Facebook Papers about bridging
A number of Facebook Papers — documents leaked by whistleblower Frances Haugen in 2021 — describe internal research efforts conducted at Meta which are relevant to the idea of bridging. The papers can be accessed via fbarchive.org, an online repository managed by the Public Interest Tech Lab at Harvard. (Note that you will need to create an account with them first and log in to fbarchive.org before the links below will work.)
Below, we list excerpts from some of the most relevant documents.
Diverse positive motifs
The following important work on the value of diverse positive motifs as ranking signals was carried out by Matt Motyl and others.
How Diverse Engagement May Identify Valuable Civic Comments
Text analysis indicated that comments with more positive reactions from diverse audiences contained more language emphasizing relationships with other people, helping others, & expressing beliefs in a more tentative (vs. dogmatic) fashion. Additionally, these comments contained less harassing language, less ridicule, & less negativity.
Ad hoc labeling indicated that such comments were also perceived as better for the community, higher quality, more informative, and containing fewer attacks.
…adding diversity to comment ranking may enhance our ability to mitigate echo chambers and reduce the ease with which inauthentic or malicious actors can game some of our ranking features…
Actor-level histories of posting comments that diverse others react to positively provide insight into who is authentic, high-integrity, and likely to contribute value to the FB ecosystem and promote better user experiences
People with histories of posting comments that get reactions from homogeneous audiences are much more likely to violate community standards, be reported by other users for being fake, bullying, hate, and violence incitement, and have their accounts disabled.
There is an opportunity to improve detection and enforcement against abusive integrity-threatening accounts by incorporating actor-level - histories of generating positive vs. negative engagement from diverse vs. homogeneous audiences.
There is also an opportunity to integrate actor-level - weights into ranking where content from users with a history of generating positive reactions from diverse audiences gets prioritized over content from actors with a reputation for generating negative reactions, or generating reactions from homogeneous audiences.
Diverse Engagement is an Agile, Efficient Lever to Promote Integrity
Comments with diverse negative engagement were:
- 10.9x more likely to be reported
- 3.4-5.2x more likely to have violations
Users with a history of generating more diverse negative engagement were:
- 14x more likely to have bullying & harassing violations
- 5.2x more likely to have hate speech violations
- 3.8x more likely to have V&I violations
- 2.3x more likely to have misinfo violations
- 4.3x more likely to be disabled by civic Abusive Accounts Protocol
In comment ranking experiment boosting based on diverse positive engagement, we saw:
- Increased VPVs (+0.69%)
- Increased VPVs on non hateful comments (+0.3%)
- Decreased VPVs on bullying comments (-2.14%)
Using Actor-Level Histories to Predict Integrity Issues
People with a history of writing comments that get bad reactions from homogeneous audiences are:
- 3.8x more likely to have violence incitement CO violations,
- 5.2x more likely to have hate speech c CO violations,
- 14x more likely to have bullying & harassment CO violations, and
- 2.3x more likely to have misinfo CO violations
relative to people with a history of writing comments that get good reactions from diverse audiences.
Diverse Positive Motifs Can Improve Civic Conversations
High level summary of the above work, and future directions.
Polarization
Toward a Composite Behavioral Polarization Metric
The first challenge we faced in this effort was defining in-groups and out-groups in a way that didn’t rely on hard categories or sensitive data.
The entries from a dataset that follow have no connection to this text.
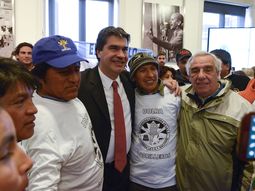 contra el paro, tomada y capitanich firman convenio en produccion de ladrillos contra el paro, tomada y capitanich firman convenio en produccion de ladrillos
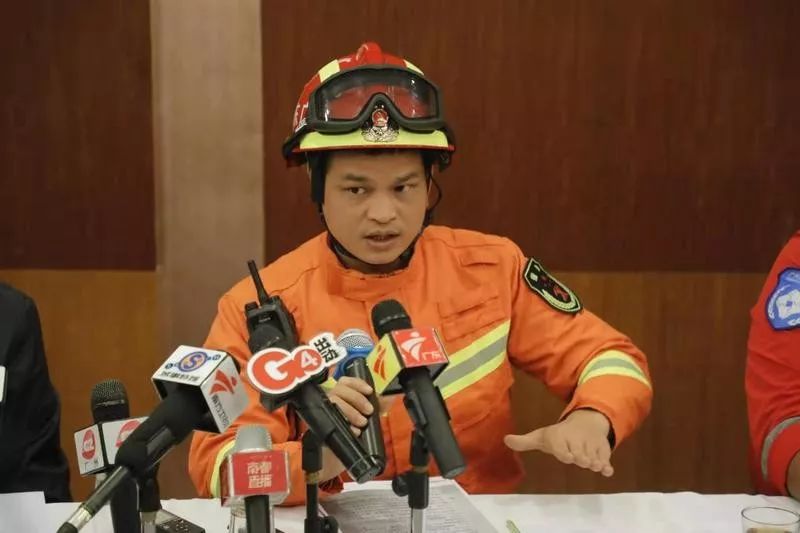 【环球时报】广州塌陷事故：再次坍塌后已看不到人和车，回填系边坡区加固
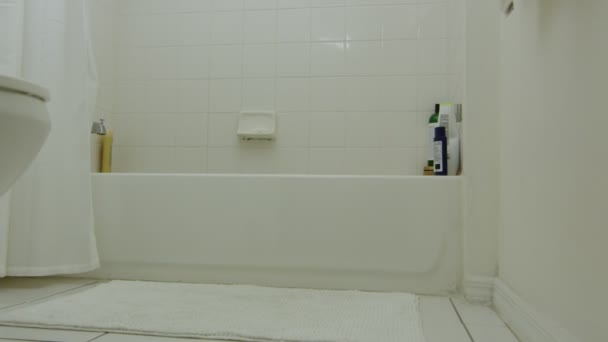 Медленное движение в сторону ванны — стоковое видео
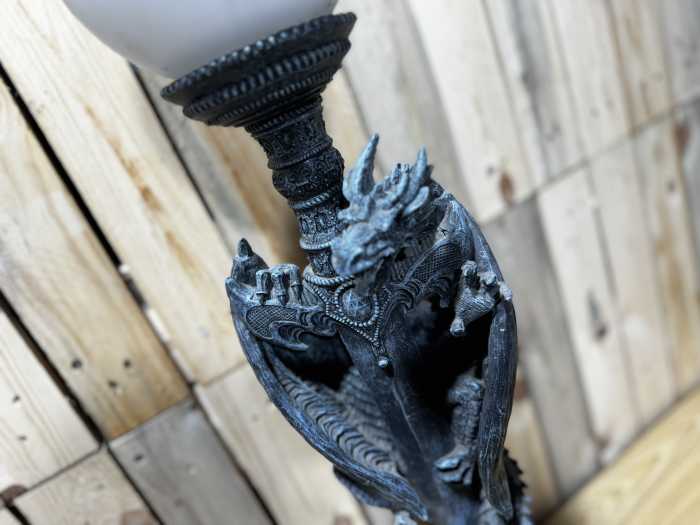 LAMPARA DRAGON 88x25x25cm - QrBox.es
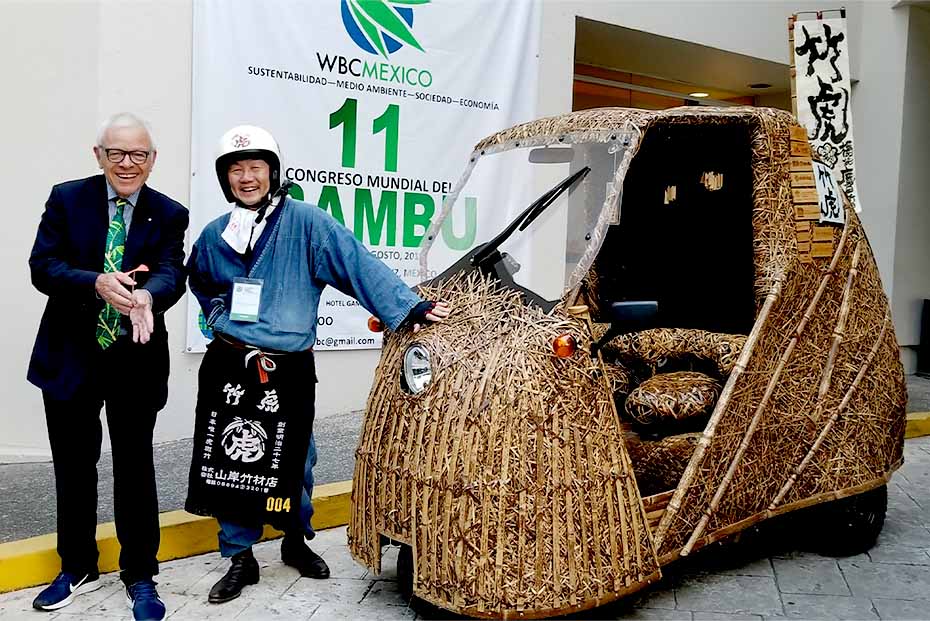 第11回世界竹会議の四代目と竹トラッカー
You can read more about news2vec, an unsupervised method for measuring alignment between individuals based on their news engagement patterns, here.
We recommend tracking negativity and incivility minus positive cross-cutting civic interactions as a composite measure of polarization. Consistent with the CG&P team’s principles, this will encourage teams to find ways to reduce negative expressions of polarization, and promote more constructive ways of interacting with different groups.
FB vs. Polarization project demo
We built a new metric, Crosscutting Interaction Value (CIV), to uncover where ideologically separated users are having positive interactions.
Incentives
Political Party Response to '18 Algorithm Change
Political parties across Europe claim that Facebook’s algorithm change in 2018 (MSI) has changed the nature of politics. For the worse. They argue that the emphasis on “reshareability” systematically rewards provocative, low-quality content. Parties have always maintained a mix of positive and negative content, but they feel that they have been forced to adapt to the change by producing far more negative content than before. Engagement on positive and policy posts has been severely reduced, leaving parties increasingly reliant on inflammatory posts and direct attacks on their competitors. Many parties, including those that have shifted strongly to the negative, worry about the long-term effects on democracy.
Posts with Negatively Charged Comment Threads Fare Better in Feed
There’s a (visible) general correlation between negative comment sentiment and number of outbound clicks (imperfect proxy for VPVs). From a publisher’s point of view, this data would seem to encourage posting more content that leads to negatively charged comment threads.